Drug withdrawal seizure holds the doctor of the ambulance. /Injected ATP, Digoxin, a combination of Mezatona and Procainamide (reduced a/d). If upon arrival, the doctor diagnosed clinical death, is cardiac defibrillation.
Hospitalization is appropriate only when the patient’s condition, if you suspect the development of complications, with persistent heart pain.

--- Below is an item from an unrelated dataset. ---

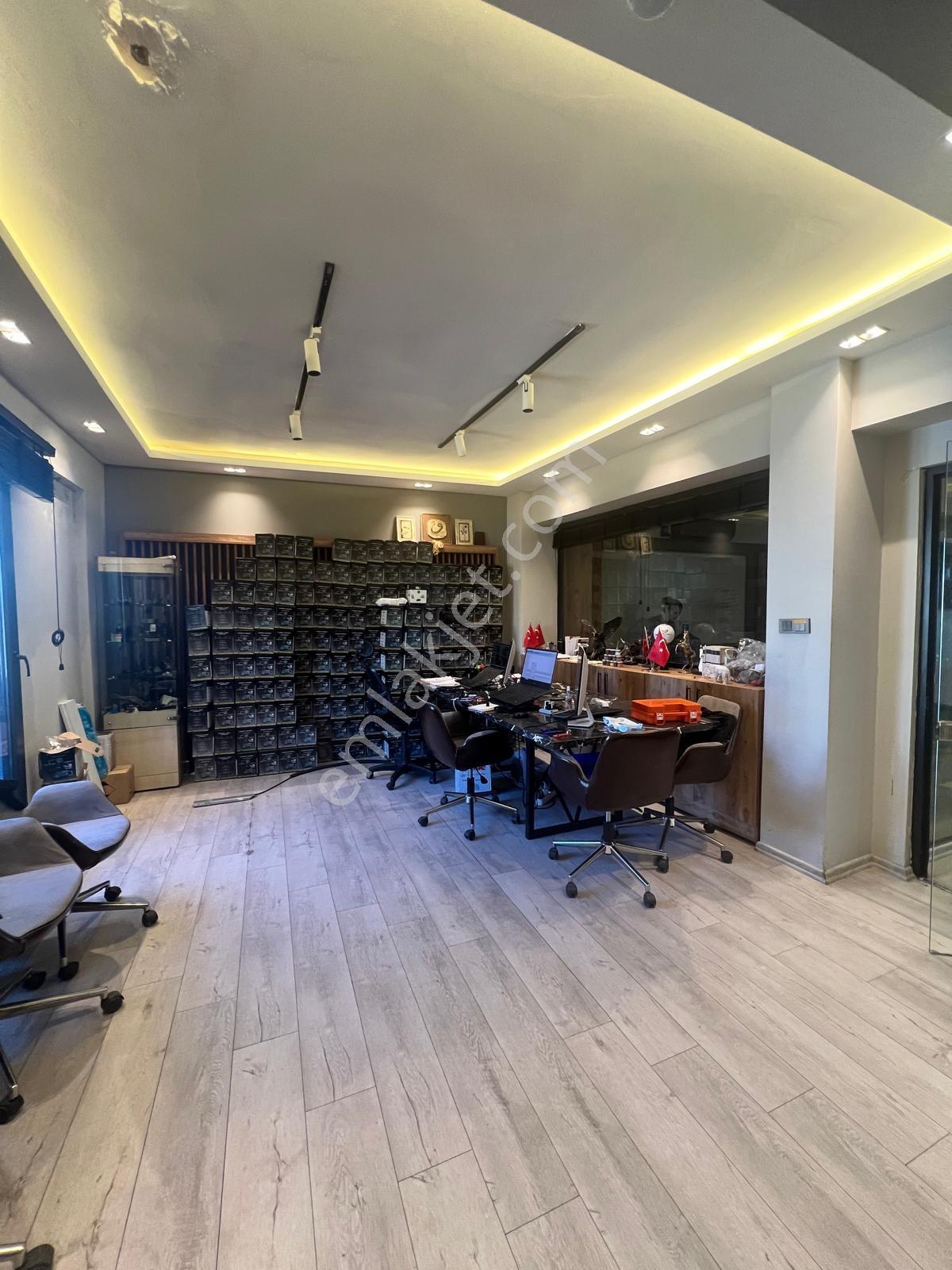 Karabağlar Merkezde Kiralık 4 Katlı Kurumsal İş Merkezi 800 M² - Görsel 19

Therapy is to assign individually:
- antiarrhythmics (Cardinorm, Verapamil, etc.);
- cardiac glycosides (Celanidum, Digoxin) — regular use prevents relapse of the disease;
- adrenoblokatorov (Propanorm) — reduce the risk of developing atrial fibrillation;
- antiplatelet agents (Aspirin, Thrombase).
Do not try to resolve the attacks of tachycardia folk remedies, this pathology requires urgent effective treatment.
With the ineffectiveness of drug treatment and the progression of the disease surgical intervention is performed. Modern medicine has minitrampoline techniques (radiofrequency ablation, implantation of pacemakers), fast leveling pathological impulses.
The most severe course is observed during ventricular tachycardia. It was under this form there is damage to the myocardium and, as consequence, heart attack, or threat to the flicker of the ventricles. To prevent their development, is only able to regular anti-relapse therapy or radical surgery.